Whether Complainant established that the Agency subjected him to hostile work environment harassment on the bases of national origin (Italian American), age (52), and reprisal for prior protected EEO activity as the result of the conduct of his first level supervisor from January 2011 to April 2012.

BACKGROUND

At the time of events giving rise to this complaint, Complainant worked as a Supervisory Special Agent, GS-1811-14, Group Supervisor (GS) at the Agency's Homeland Security Investigations (HSI) facility facility in West Palm Beach, Florida.

On April 10, 2012, Complainant filed an EEO complaint alleging that the Agency discriminated against him on the bases of national origin (Italian American), age (52), and reprisal for prior protected EEO activity under Title VII of the Civil Rights Act of 1964

the Age Discrimination in Employment Act of 1967 when:

1. In the first week of January 2011, Complainant's supervisor and a Group Supervisor (GS) yelled at Complainant in front of subordinates and co-workers.

2. In July 2011, Complainant's supervisor cursed at him.

3. In August 2011, Complainant's supervisor asked him for a vehicle log and then loudly asked an investigative aide the same question, implying that he did not believe Complainant's response.

4. On October 20, 2011, Complainant's supervisor suggested that Complainant should lower the performance scores of the only three Italian American Special Agents (SAs) in the office.

5. On December 14, 2011, Complainant's supervisor gave an assignment directly to Complainant's subordinate.

6. On December 17, 2011, Complainant's supervisor repeatedly yelled at Complainant that he was the boss and demanded that Complainant repeat his statement.
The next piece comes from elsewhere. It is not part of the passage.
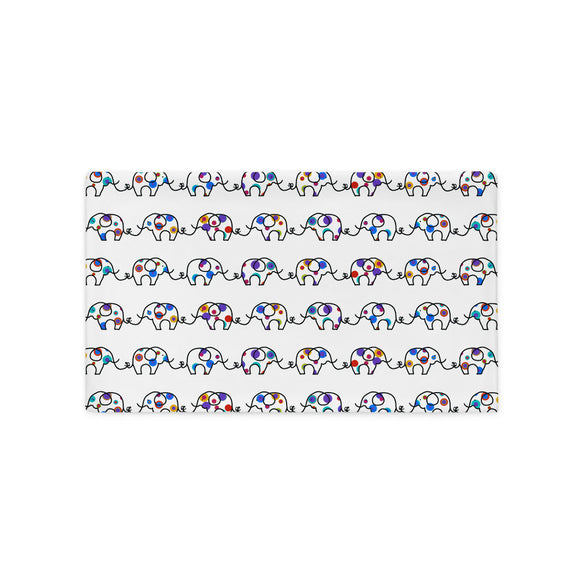 kissenbezug mit elefanten in weiß 50 x 30 cm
7. On December 20, 2011, a GS told an SA that Complainant's supervisor had a problem with Complainant and another GS, despite Complainant's having received no indication that there were any problems with his performance.

8. On January 4, 2012, Complainant's supervisor gave him an assignment for his subordinate, a new SA; even though Complainant believed that the subordinate was overwhelmed with an assignment from Complainant.

9. On January 11, 2012, Complainant's supervisor made comments to him and another Agent about wearing red shirts, implying that Italians spill pizza sauce on their clothes.

10. On January 13, 2012, Complainant's supervisor did not tell him that he had granted 59 minutes of leave to an employee under Complainant's supervision.

11. On January 19, 2012, Complainant's supervisor directly tasked Complainant's subordinate to text him about opening arguments in an ongoing federal trial.

12. On February 1, 2012, Complainant's supervisor cut Complainant off in a conversation with another Agency to tell Complainant how a task should be done.

13. On February 1, 2012, Complainant learned that his supervisor directly tasked one of Complainant's Agents to report what was happening in federal court.

14. On February 1, 2012, during a conversation about vehicle assignment, Complainant's supervisor angrily asked, "What did you say?" and exclaimed repeatedly, "That's an order."

15. On February 2, 2012, Complainant's supervisor made Complainant and others in the office anxious by uncharacteristically wearing his firearm on his belt.

16. On March 23, 2012, Complainant's supervisor asked Complainant's subordinate to investigate damage to Complainant's cellular telephone.

17. On April 4, 2012, Complainant's supervisor checked to see if the shredder Complainant was using was full after Complainant had informed him that Complainant was one of the few people in the office who emptied the shredder.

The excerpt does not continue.